In another life
I stayed on the Mormon mission. I stayed in the sweltering humidity of the Philippines and continued to preach to the people with their dirt floored homes and political signs as their walls. I continued to tell them they aren’t happy unless they have this certain type of God, one that only we could give to them, meanwhile they would feed me dinner even if it meant they didn’t eat that night.
I stayed and married the one man I ever got the closest to feeling love for. I even had pride of “if anyone can marry a gay man in the church, it’s me.”
I stayed in the false promises I was fed my whole life. My belly swollen quickly after our vows, as I served the sacred duty of being bred to breed. I kept my head down both to pray and also obey.
In another life
I ran far far away to a small town in Alaska where no-one knew my name, my history. I lived in a simple home but felt like royalty when I sat in the tiny reading nook, coffee in one hand, a book in the other, gazing through the giant windows of the sea of dense pines.

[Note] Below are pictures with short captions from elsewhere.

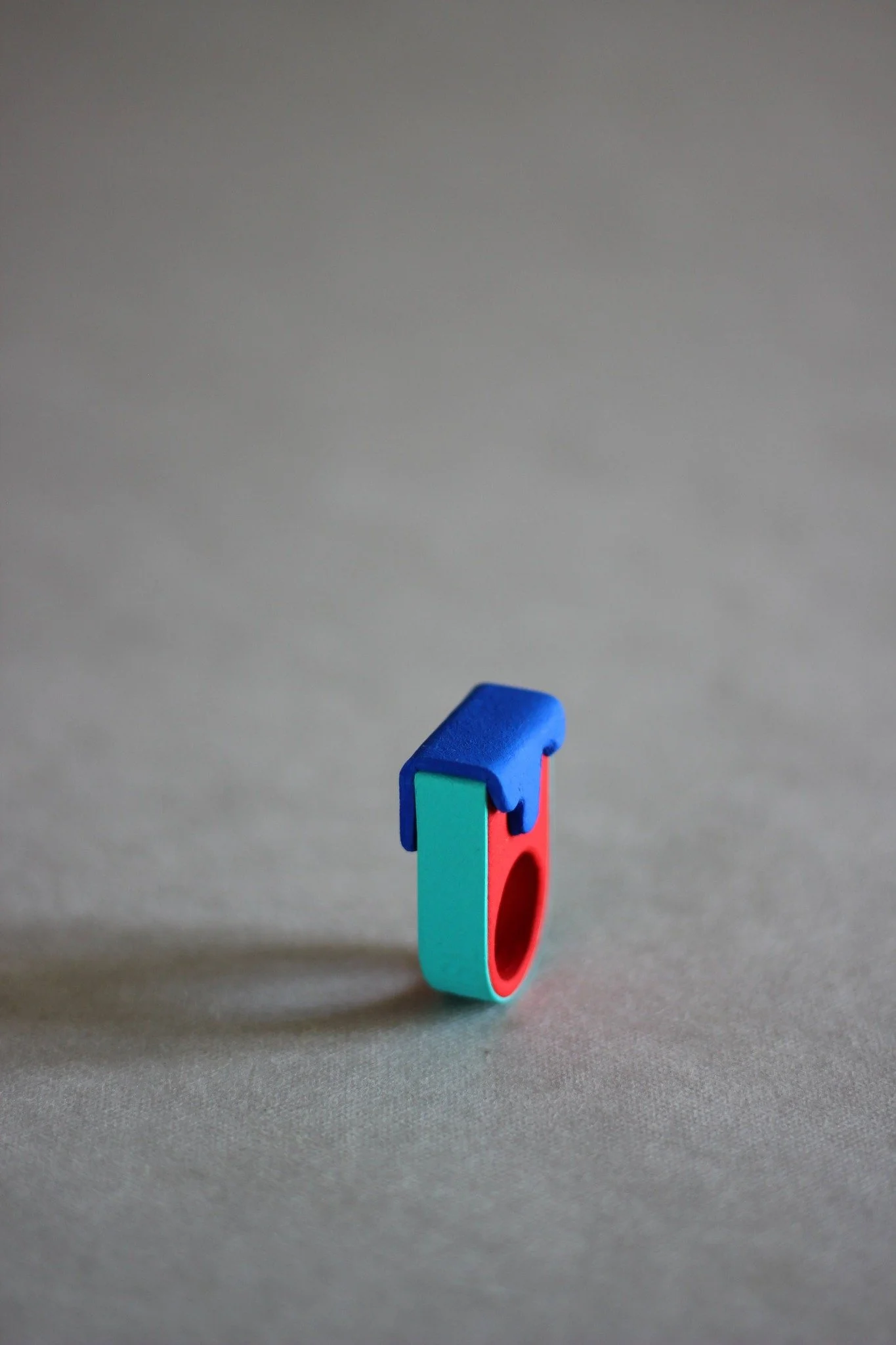 DROP Ring - Tri-Color Wearable Art (Handmade Paper Sculpture)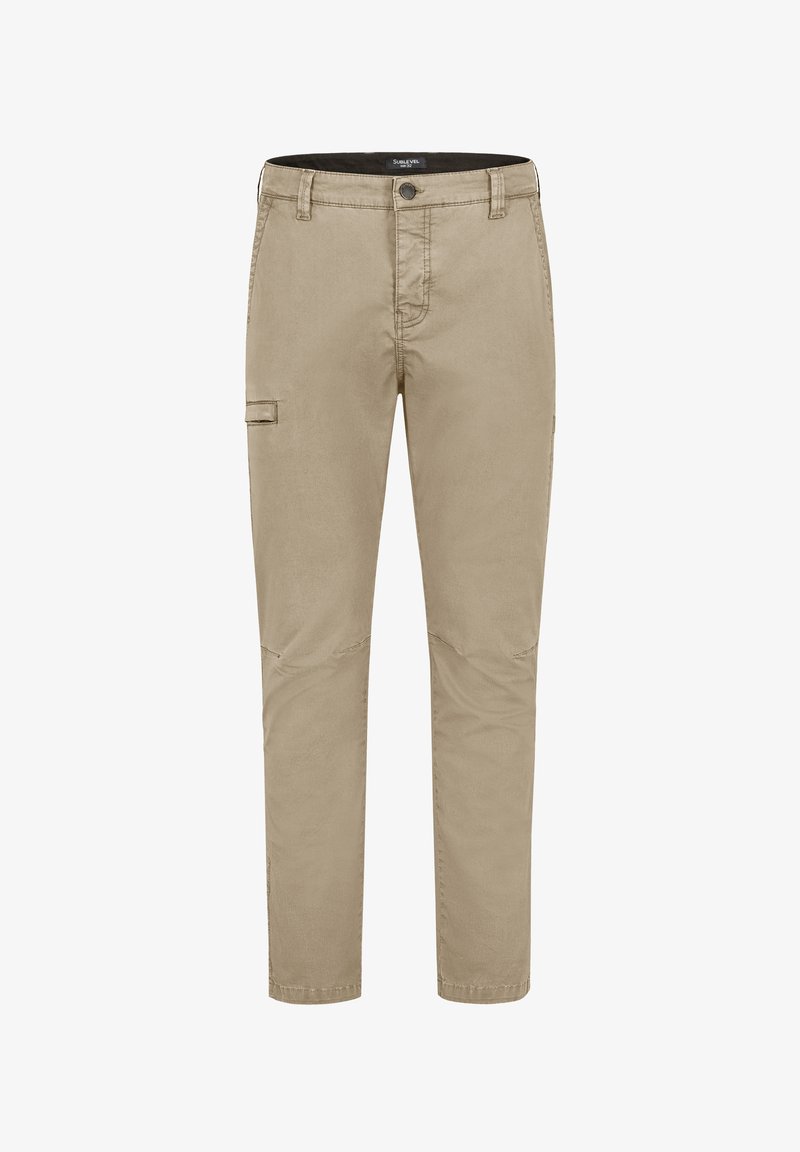 Beige cargo pants made from cotton, featuring a straight fit, side pocket, and stitched detailing. Smooth texture with a casual design.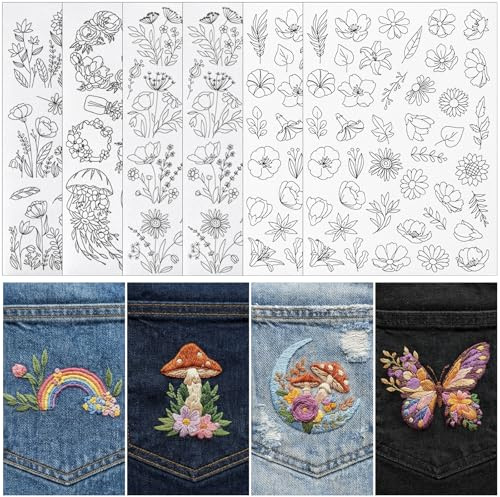 8 Feuilles 105 Pièces Modèles de Broderie Solubles dans l'Eau Autocollants, Papier Transfert Motifs Floraux, Broderie pour Débutants Amateurs de Couture DIY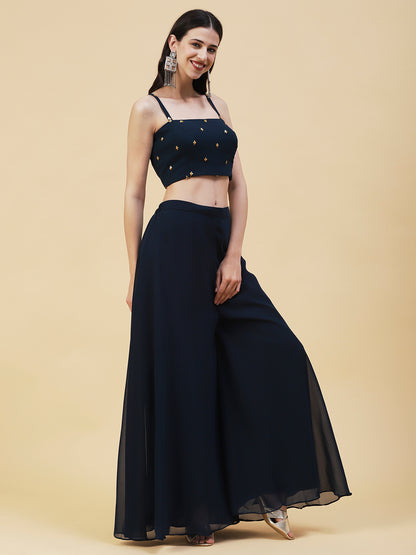 Solid Top with Flared Palazzo & Floral Embroidered Long Jacket - Teal Blue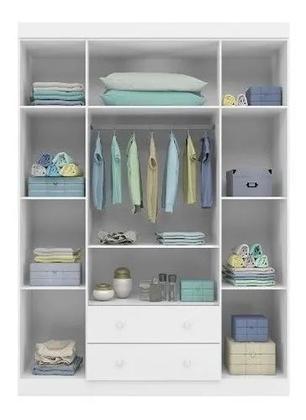 Imagem de Jogo Quarto de Bebê com Guarda Roupa 4 Portas + Cômoda Sapateira + Berço Mini Cama Padrão Americano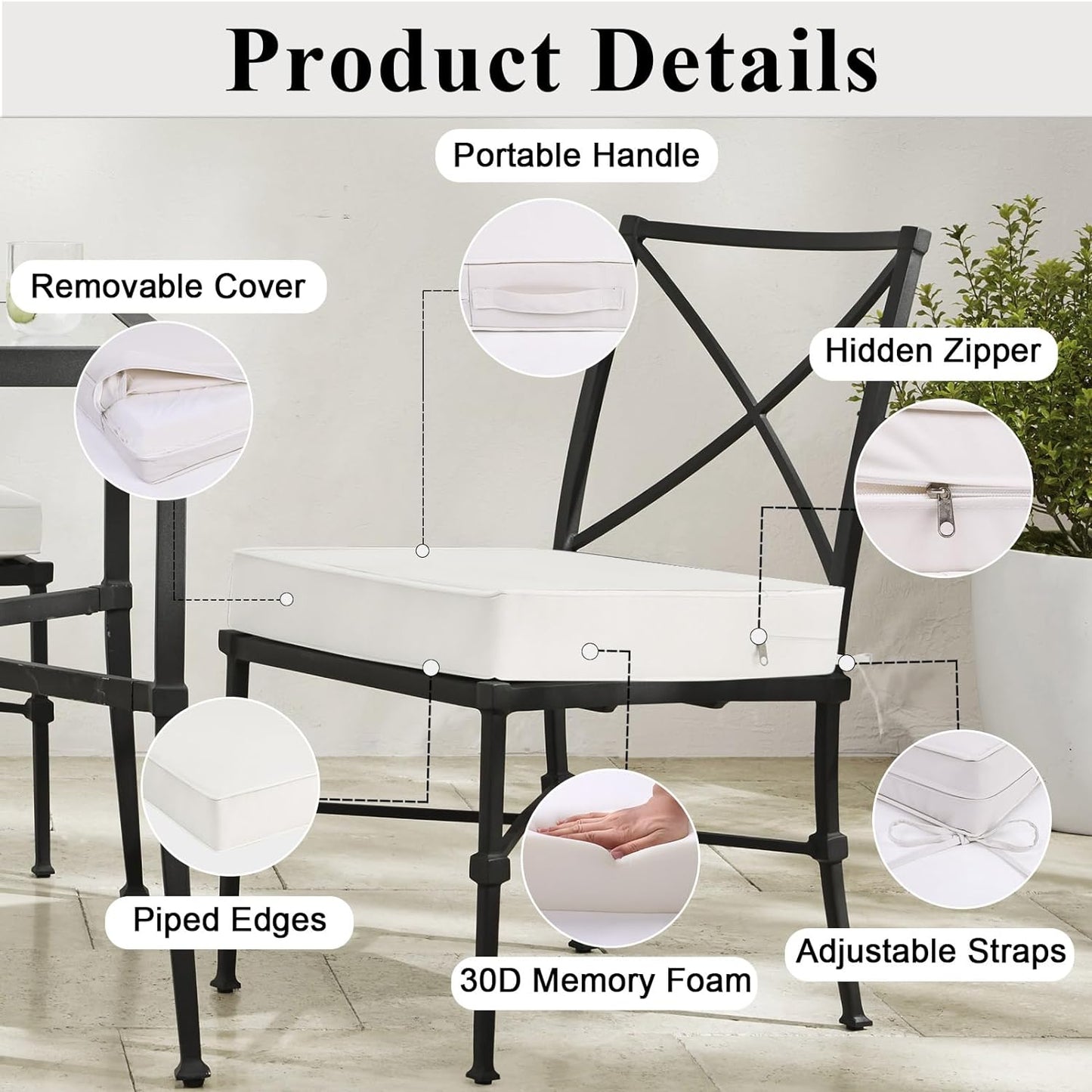 Outdoor Chair Cushions Set of 2 for Patio Furniture 22x22x4 Inch Waterproof Patio Chair Cushion 3 Year Color Fastness Square Elastic Foam Garden Sofa Couch Pads with Ties and Handle,Beige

I read often, wrote even more as I lived a life of solitude. One where loneliness would creep in every so often, but never overstay its welcome.
My hands calloused from building my own oasis. My fingers calloused from touching scalding plates waitressing at the local bar. My heart a little calloused from going home each night alone.
In another life
I had the small apartment tucked away in the charming neighborhood. One that may be only 500 square feet, but felt like a mansion after traveling in the converted bus for weeks at a time. This apartment had over 75 houseplants in it, creating a sense of wild continuing indoors. This apartment served as a home base, a soft landing.
In this life, I was able to have it all. The string of a tether to roots - a life where I cooked the majority of the time, not because she expected it, but because I was happy to do it for someone who was so grateful every time. And there was something sacred about our ritual of me chopping or stirring at something while she walked in from work - a mutual greeting of excitement to see each other, and a sign of relief that we were home in each other.
When I felt the call to take the bus away in order for me to get closer to me, she always encouraged it.
Both of us knowing that missing each other is part of the sweetness of coming back home to each other again.